ニコニコ動画で僕の動画作品が公開されました!多くの方に支えていただき感謝しております。経緯やまとめについては以下の記事をどうぞ!

微生物というものが発見される前、疫病にかかるのは何かの呪いのせいであり、漬物が漬かるのは神様の力だったりしたといいます。 今日ではウイルスのごとき遺伝子とそれを守ったり打ち込んだりする為のデバイスが組になったミニマル生物の研究も進んでいるようですが、 なんだか小さい方、小さい方と行くばかりなのはロマンが無い。 男ならば知られざる巨大生物なんかの存在を探求してもいいんじゃないかと思いました。 超銀河団プラズマフィラメントを流れるビルケランド電流でクリスマスツリーを飾るくらいの超巨大生物とかいても良いんじゃないですか? 多分でっかいお宝を守ってますよ?

でっかいお宝と言えば凄いモデルやら音楽やらモーションデータやらが今や界隈に溢れている。 ニコニコ動画でMMD杯ZERO2が開催とのことで活発に作品の公開が行われています。 データの配布も積極的にされていて、本当にありがたいですね。それにしてもなんというアートの洪水! 芸術の奔流!現代のルネッサンス!情熱!僕のこの手~は~!すみません大体いつも酔っ払ってこれを書いてます。 ともかくそう思って僕もUnityをいじりはじめてそろそろ1ヶ月と言うことで何か見栄えがして 人様に喜んでもらえるようなモノを作りたいなあと思って、お宝をありがたく使わせていただきました。
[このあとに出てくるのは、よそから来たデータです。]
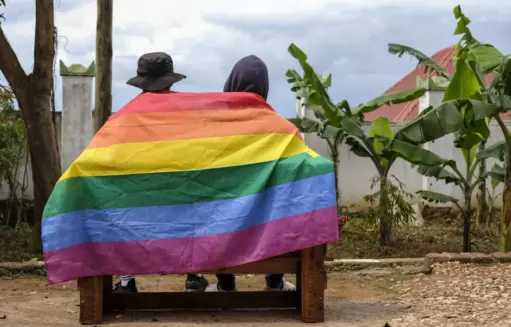 Un couple d’homosexuels ougandais arbore le drapeau de la fierté gaie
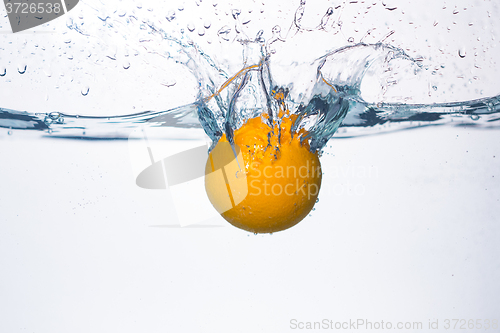 Image of orange splash in water 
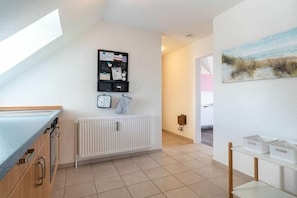 A modern kitchen with a built-in oven, a white radiator, and a breakfast bar. - 54-degree panoramic view (Sankt Peter-Ording)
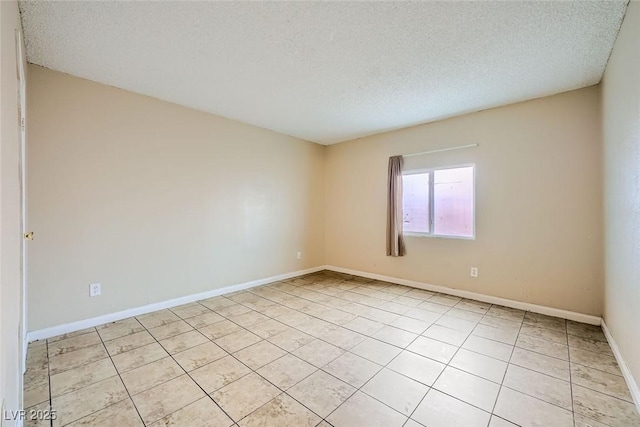 tiled empty room featuring a textured ceiling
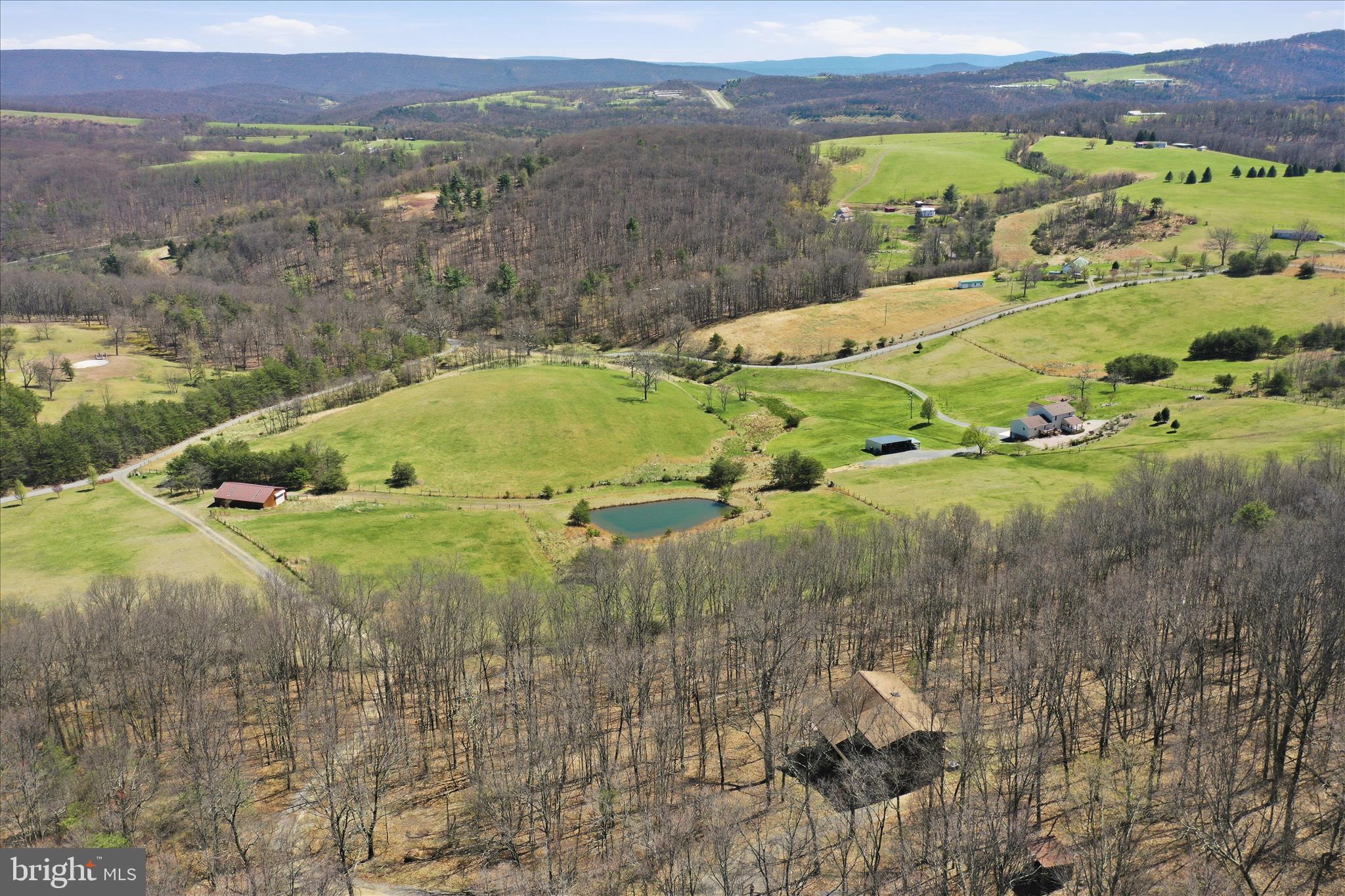 163 Olive Branch Road Rio, WV 26755 - Photo 69 of 70 a view of a lake with a mountain
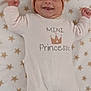 baby, smiling, headband, bow, onesie, blanket, star_pattern, infant, cute, happy, face, child, lying_down, soft_texture, cozy, apparel, portrait, young_child, indoors, sleepwear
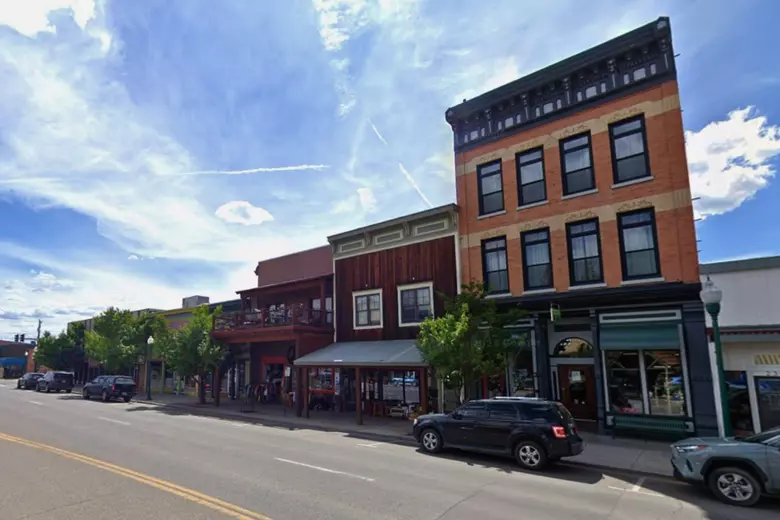 Historic storefronts along a street in downtown Gunnison, Colorado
無機質なこのサイトも一気に華やかになりそうですがそれにしても、すごく……でっかいお宝です…… こんな見ているだけで幸せに満たされるモデルはとろぽっぷ氏の力作、天龍改二です。 コレオグラフィはこれを書いている時点ではまさにMMD杯ZERO2に出場されているreno氏の作品で、 音楽はプロとしてご活躍中のキョーヘイ氏の抒情溢れるケルト風楽曲であるScutellaria。 いずれも大変な才能と情熱と努力の結晶! 僕は^C師の動画を盗み見てはVFX Graphの力を借りてコソコソとVFXを多少作っただけです……とはっきり自分で書くと凹みますね。 当初からBGMをスペクトラムアナライザに掛けて床を動かそうと思ったので、 せめてFFTのコードくらい書こうとて昔書いたObjectPascalのコードを探そうとしたらUnityに最初から入ってて、 しかも使いやすいように^C師がラッパーまで配布しているという。もう何もすること無いじゃん。 床が崩れるエフェクトもrigidbodyくっつけるだけという超お手軽状態ですし。 とかく今の世の中は自分何でもかんでも作ろうとするんじゃなくて先人の作ったものをうまく組み合わせて、 自分で楽しいようにいじるのが良いんじゃないかと思いました。 Lo-Fi HipHopやVaporwaveやFutureFuncといった今の(時に怪しい)音楽ではフレーズどころかサンプルの引用すら普通ですし、 オリジナリティと才能の塊であるJacob Collierもカバー曲を積極的に披露して古典への敬意を欠かしません。 もうちょっと経てば僕みたいにPhotoshopのフィルタだけで「絵を描いた」などと主張する輩にも住みやすい世の中になるのかもしれません。 でももうすっかりジジイです。略してSCSIここにあり。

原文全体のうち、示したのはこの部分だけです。